しかし、台帳だけだと道路に対する位置がずれていることもあるので、現場では「試掘調査」が欠かせません。
日立製作所と応用地質は、こうした手間ひまを、大幅に解消してくれそうな「地下埋設物情報提供サービス」を2020年以降に開始するべく、このほど覚書を締結しました。
地中レーダーを搭載した埋設物探査車で道路を走行することにより、
ナ、ナ、ナ、ナント、
埋設管や空洞を見える化
してくれるのです。(日立製作所、応用地質のプレスリリースはこちら)
地下埋設物情報提供サービスの概要(以下の資料:応用地質)
地中レーダーで埋設物などを検知する埋設物探査車のイメージ
応用地質が保有する埋設物探査車に、地中レーダー装置、GNSS(全地球測位システム)、カメラ(位置検出用)などを搭載し、最大時速60kmで道路を走行します。
探査車で得られたレーダー映像や各種画像、位置情報は、日立製作所のデジタルイノベーション基盤「Lumada(ルマーダ)」が持つAI(人工知能)などの画像解析技術によって分析し、埋設管や構造物、地質境界などを自動判別します。
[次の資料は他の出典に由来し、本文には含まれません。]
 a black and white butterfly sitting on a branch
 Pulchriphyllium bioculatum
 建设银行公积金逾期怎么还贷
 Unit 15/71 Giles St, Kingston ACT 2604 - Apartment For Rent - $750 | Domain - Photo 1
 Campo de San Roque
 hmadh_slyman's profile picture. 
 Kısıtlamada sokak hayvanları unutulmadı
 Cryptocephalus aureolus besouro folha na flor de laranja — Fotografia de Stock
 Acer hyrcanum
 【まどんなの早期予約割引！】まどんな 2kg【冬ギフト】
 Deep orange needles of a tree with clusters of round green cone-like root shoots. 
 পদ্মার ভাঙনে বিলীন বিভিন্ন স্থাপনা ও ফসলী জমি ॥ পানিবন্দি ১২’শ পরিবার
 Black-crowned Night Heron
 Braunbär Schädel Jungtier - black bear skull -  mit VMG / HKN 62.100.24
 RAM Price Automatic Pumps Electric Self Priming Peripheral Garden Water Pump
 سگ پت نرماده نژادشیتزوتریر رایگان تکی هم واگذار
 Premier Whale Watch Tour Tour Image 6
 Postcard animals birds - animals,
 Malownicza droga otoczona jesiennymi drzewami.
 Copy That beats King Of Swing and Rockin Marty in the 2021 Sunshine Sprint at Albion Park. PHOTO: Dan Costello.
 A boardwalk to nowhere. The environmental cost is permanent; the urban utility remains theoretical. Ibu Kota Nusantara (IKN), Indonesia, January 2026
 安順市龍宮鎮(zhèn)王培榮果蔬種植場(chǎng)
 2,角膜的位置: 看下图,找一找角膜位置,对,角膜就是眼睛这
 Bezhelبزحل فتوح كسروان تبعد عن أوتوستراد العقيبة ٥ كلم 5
台帳による情報は、実際の位置からずれている心配もありますが、実際の埋設物をリアルにレーダーで調査したデータだとその心配はありません。そこが圧倒的な安心感を与えてくれますね。
応用地質が保有する埋設物探査車の外観
車両後部の地中レーダー装置。400MHzのアンテナが付いている
地中レーダー映像をAIで分析し、路面下の空洞などを自動抽出したイメージ
得られたデータは「地下埋設物情報プラットフォーム」に格納されるとともに、応用地質の「地盤情報ICTプラットフォーム」や、 日立製作所の「社会インフラ保守プラットフォーム」とも連携します。
今後は、埋設物の補修管理情報や更新計画、強靱化設計支援の機能拡張のほか、
BIM/CIMとの連携
も視野に入れた機能拡張を検討していくとのことです。
道路下の見える化は、大きな課題となっています。時速60kmで道路を走れば、地下のBIM(ビルディング・インフォメーション・モデリング)やCIM(コンストラクション・インフォメーション・モデリング)のモデルが出来上がってくるシステムの実現も、そう遠くはなさそうですね。
両社の“道路下イノベーション”による、道路工事の大幅な生産性向上に期待したいです。